El miércoles pasado mientras trabajaba desde la casa de San Román empecé a escuchar unos golpes a un balón, unos gritos, risas; luego más voces, algún taco, un conato de enfado y otra vez risas. Yo estaba escribiendo y no les veía, pero me era imposible dejar de escucharles, la cabeza se me iba a esos sonidos y las manos no tecleaban. Estaba más pendiente de lo que ocurría fuera que de lo que tenía que estar, quizá por mi carácter curioso, que es una manera intelectual de envolver el ser cotilla, dejé lo que estaba haciendo y busqué una ventana donde pudiera ver quiénes eran y qué estaba pasando.
Eran niños del pueblo, que la mayoría no viven aquí, pero pasan los veranos como yo hice y hago, que su familias o sus vidas están ligadas a San Román de una u otra manera. Niños que sin vivir aquí son y serán siempre de este lugar, por la libertad temprana, por el contacto directo con la naturaleza y los animales, por crecer juntos y experimentar el despertar a la vida a la vez, por todo esto y más. Pues ahí estaban, jugando en el prao de casa, porque a falta de alguien en esta casa que pueda jugar y disfrutar ahí como yo hice y a veces sigo haciendo, les dejamos que pasen y llenen todo de vida y alegría. Porque los niños pueden ser un problema y un coñazo, pero siempre son alborozo y diversión.
Me encontré, de repente, con la infancia recuperada. Fútbol y felicidad en estado puro: un balón, un prao y los amigos. De esto vengo y de retazos así se compone mi memoria sentimental. Y recordé aquella manera tan bonita que tuvo hace un tiempo, antes de buscar excusas para todo que no sirven para nada, que decía así: «El fútbol es una pelota y unos amigos». Y la importancia de esta casa y de este pueblo, donde empezó todo y acabará. Y el poco valor que le damos tantas veces a lo que de verdad importa, lo rápido que olvidamos y nos sumimos en la rutina del día a día.

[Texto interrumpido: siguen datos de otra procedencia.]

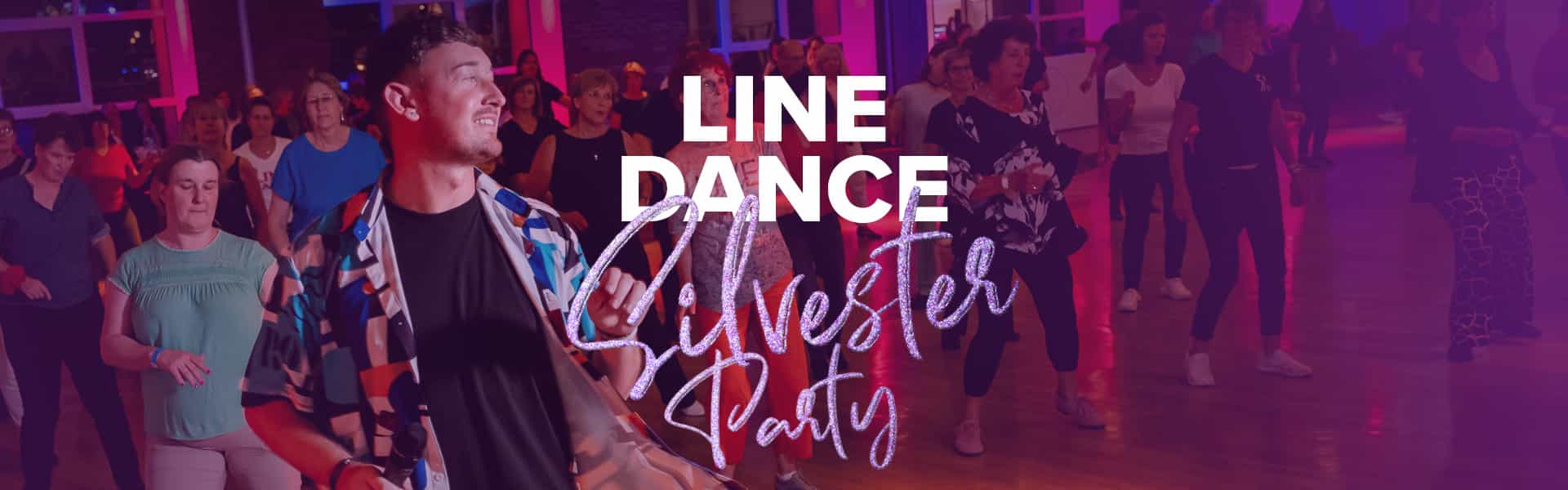 Line Dance Silvester Party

Les dejé y seguí a lo mío, de fondo sus chillidos y sus goles, esa cagalera que es más importante que todas las finales de Champions de la historia. Jugaron hasta que se fue el sol. Supongo que luego se irían sus casas, sudorosos y cansados cenarían rápido, darían un beso a los padres que empieza a ser por compromiso y volverían a quedar para estirar las últimas horas del día, que siempre se acaba a la hora de volver a casa.